**To do:** Please copy the lines below, exactly as they are, from the one with "Campia Moda Men's" through the one with "イギリス 記念切手 ヴィンテージの画像5", and leave out the pictures.

**Record set:**

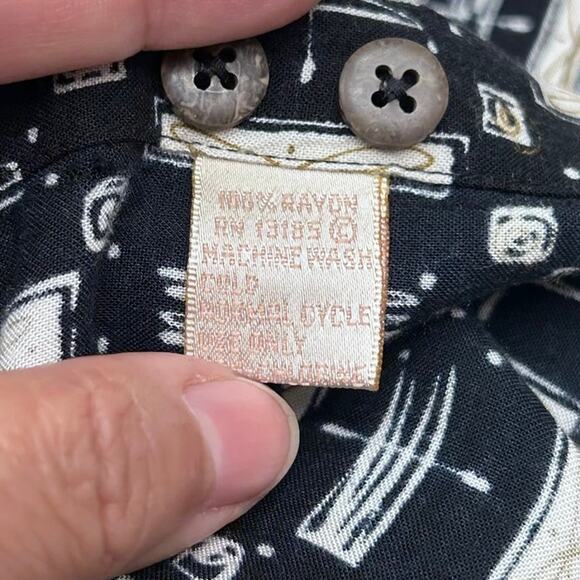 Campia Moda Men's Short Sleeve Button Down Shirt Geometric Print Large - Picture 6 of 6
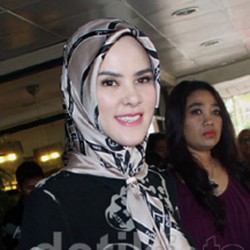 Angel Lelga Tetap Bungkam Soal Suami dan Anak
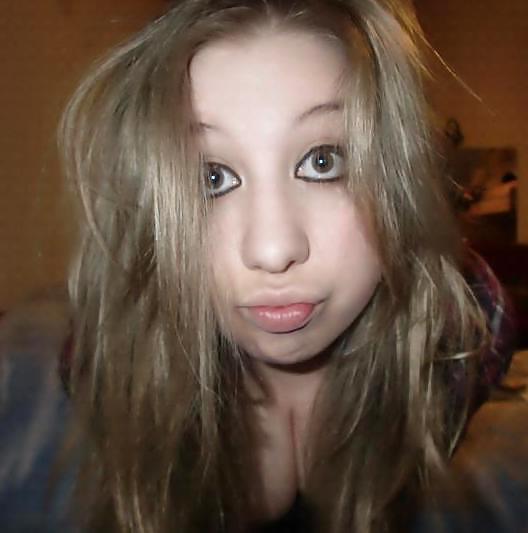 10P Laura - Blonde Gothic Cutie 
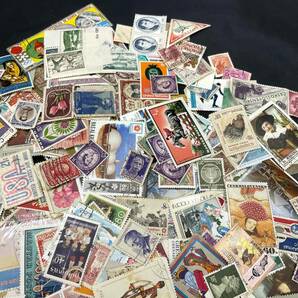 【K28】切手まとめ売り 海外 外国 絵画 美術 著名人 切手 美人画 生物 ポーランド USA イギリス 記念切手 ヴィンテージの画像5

--

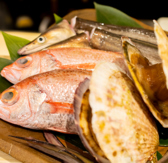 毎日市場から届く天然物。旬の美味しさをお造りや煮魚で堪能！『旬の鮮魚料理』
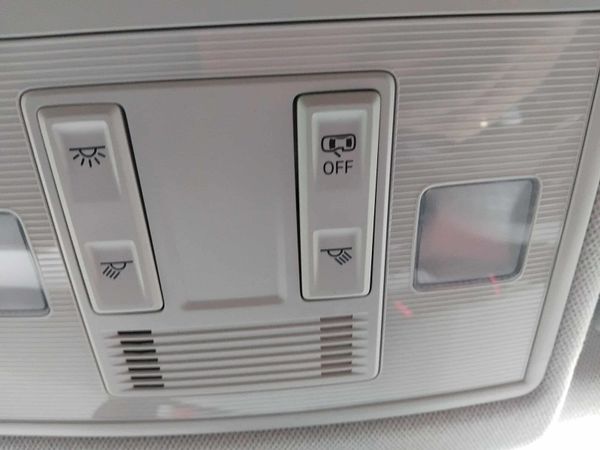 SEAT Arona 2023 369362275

---

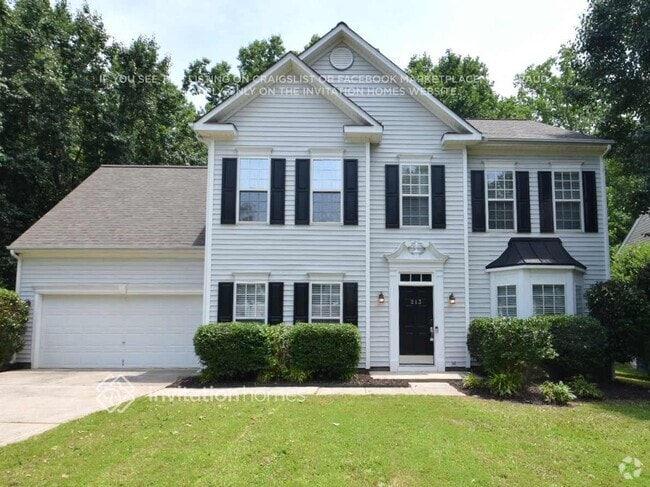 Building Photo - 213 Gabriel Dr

**Answer below:**
 Campia Moda Men's Short Sleeve Button Down Shirt Geometric Print Large - Picture 6 of 6
 Angel Lelga Tetap Bungkam Soal Suami dan Anak
 10P Laura - Blonde Gothic Cutie 
 【K28】切手まとめ売り 海外 外国 絵画 美術 著名人 切手 美人画 生物 ポーランド USA イギリス 記念切手 ヴィンテージの画像5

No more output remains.